In contrast, the Central Bank of Brazil and the South African Reserve Bank both increased interest rates in response to inflationary and financial market pressures in 2015. The South African Reserve Bank increased its benchmark rate by 25 basis points in July last year and the Central Bank of Brazil has raised its interest rate by 200 basis points to 14.25 per cent, in a series of steps over the course of 2015. While the Central Bank of Brazil has left its interest rate unchanged since, the South African Reserve Bank increased them further by 75 basis points in two rounds this year. To stem downward pressure on the Peso following a rise in the federal funds rate in the US, the central bank of Mexico has increased its interest rate by 125 basis points in three rounds since December 2015. These were the first increases since August 2008.Footnote 1

In December 2016, the Federal Reserve raised the target range for the federal funds rate by 25 basis points to 0.25–0.50 per cent. This action, agreed unanimously by the Federal Open Market Committee (FOMC), was taken seven years after the target range had been lowered close to zero, and six and a half years after the end of the US recession of December 2007–June 2009. The statement accompanying the Fed's decision emphasised that monetary conditions remained accommodative after the increase; that the timing and size of future adjustments would depend on its assessment of actual and expected economic conditions relative to its objectives, and that it expected that only gradual increases in the rate would be warranted. This message has been reiterated by the FOMC at subsequent meetings. Indeed these assessments have led the FOMC to conclude that further interest rates were not warranted in the first half of this year.

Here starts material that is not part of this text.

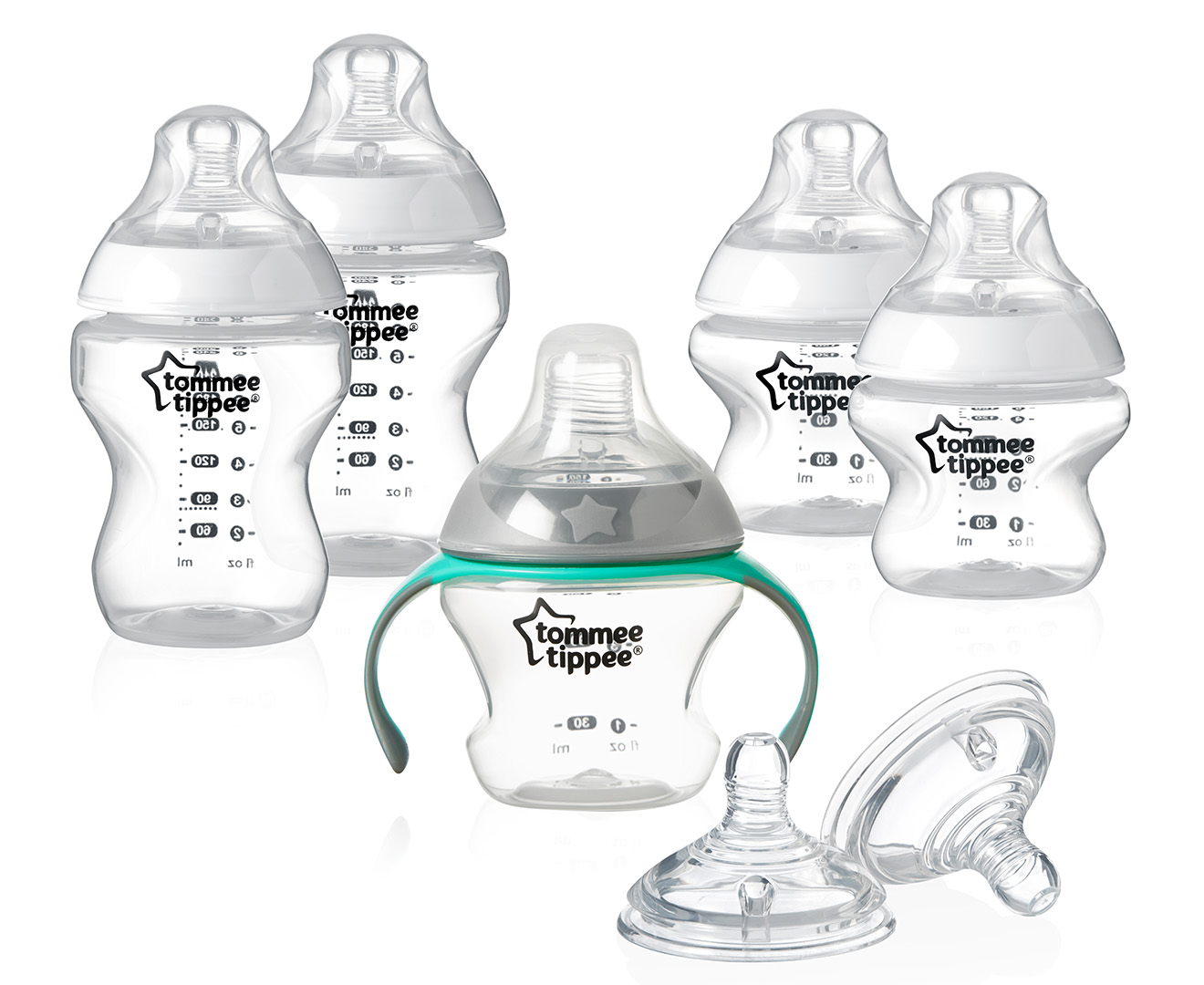 Tommee Tippee Closer To Nature Bottle Feeding Starter Kit - White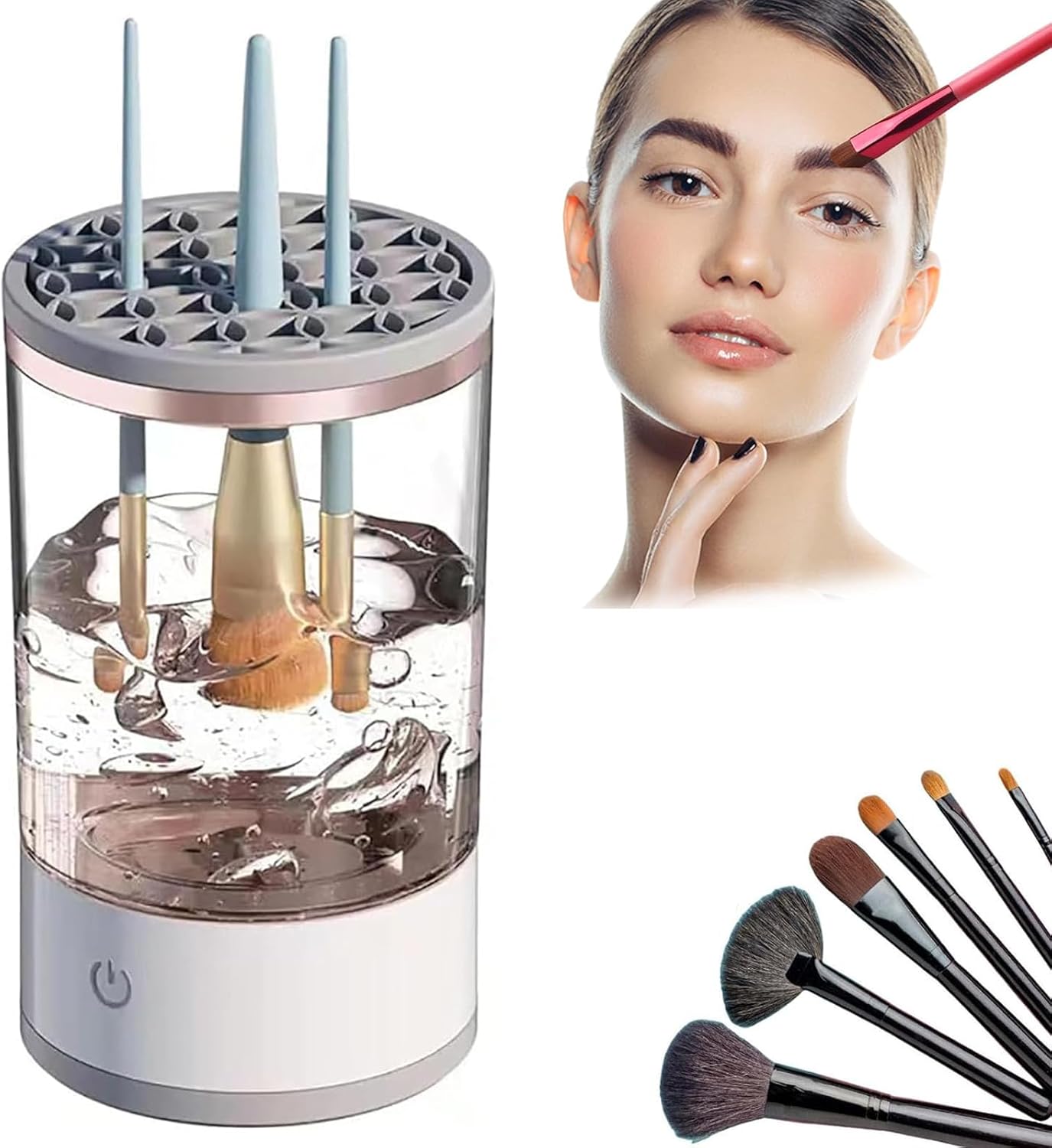 2024 New Electric Makeup Brush Cleaner, Cosmetic Brush Cleaner, Makeup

The expectation of the first rate change of the Monetary Policy Committee (MPC) of the Bank of England is based on our view of how the economy will evolve over the next few years. As the UK chapter in this Review discusses, we expect the UK economy to enter a downturn as a consequence of the vote to leave the EU.Footnote 1 In the near term we expect a policy response by the Monetary Policy Committee (MPC) of the Bank of England. At the August 2016 meeting we have assumed the MPC will lower interest rates by 25 basis points and by a further 15 basis points at their November 2016 meeting. In line with market expectations, Bank Rate is then assumed to remain at 0.1 per cent until the end of 2017. At the time of writing, financial markets expect the MPC first to raise rates towards 25 basis points in the summer of 2019, and to 50 basis points in the first quarter of 2021. We think a much earlier move is more likely, with the return to 25 basis points in February 2018 and a rise to 50 basis points in May of that year. Published market expectations are based on the mean of the distribution. As such, a skew to the downside, possibly reflecting where the perceived risks are weighted towards, weighs on the arithmetic mean as opposed to other measures of central tendency. Indeed, it is ‘our modal view’ that we discuss here. Bank Rate is expected to reach 2 per cent by the second quarter of 2021, this being the point at which the MPC is assumed to stop reinvesting the proceeds from maturing gilts it currently holds, allowing the Bank of England's balance sheet to shrink ‘naturally’.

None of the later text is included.